Squale is an oddity in the broader world of watches. In an industry obsessed with stories of heritage, ties to the military, and famed men of action, the now nearly 70-year-old brand should be widely known even among casual watch fans.
Just consider these backstory breadcrumbs: Squale’s founder once supplied watch cases to other iconic dive watchmakers, including Sinn, Doxa, and Blancpain. The brand also supplied timepieces to Italian naval and air force units. It even counted aquatic exploration and free-diving titans like Steve Zissou Jacques Cousteau, and Jacques Mayol as fans.
And yet, today, as Monochrome’s Brice Goulard succinctly phrased it, “Squale is [still] often regarded as sort of a hidden gem of the dive watch scene.”
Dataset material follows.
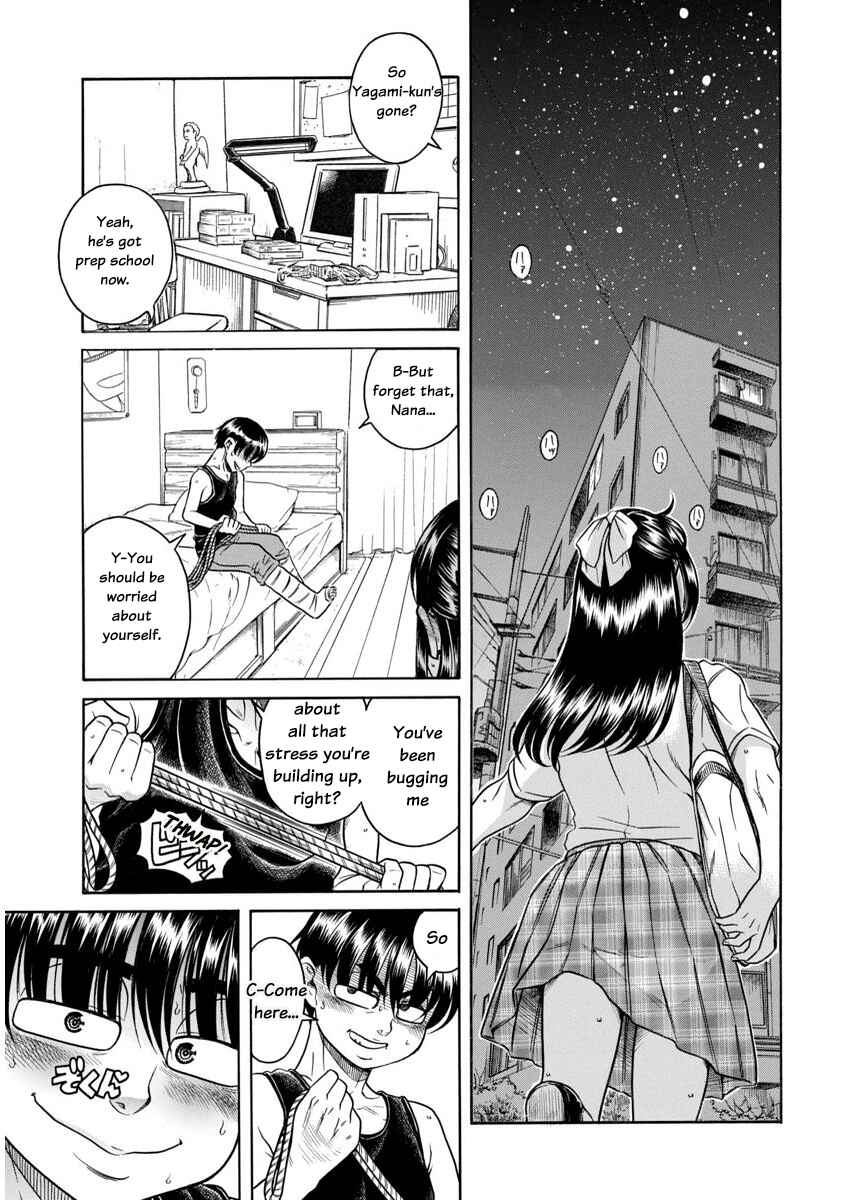 Page 21 Chapter 156 Nana to Kaoru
The official return of the brand’s 2001 dive watch, though, could win Squale wider recognition, especially among a new generation of watch enthusiasts otherwise bored with the sports watch market’s iterative state these days.
An Overlooked Diving Trailblazer

The original Squale 2001 was released in the late 1960s and initially designed in the brand’s own words “to accompany great freedivers in their dives into the ‘Grand Bleu.'”
It has two key horological claims to fame. The dive watch was one of the earliest to include a mechanism for locking the bezel after being set, preventing accidental knocks to the bezel from inadvertently screwing up dive times.

The Squale 2001 was also the watch Cousteau gifted to the first officer of his research vessel, Michel Laval, during their 1972 Antarctic expedition that eventually became the subject of the nature documentary Voyage to the Edge of the World.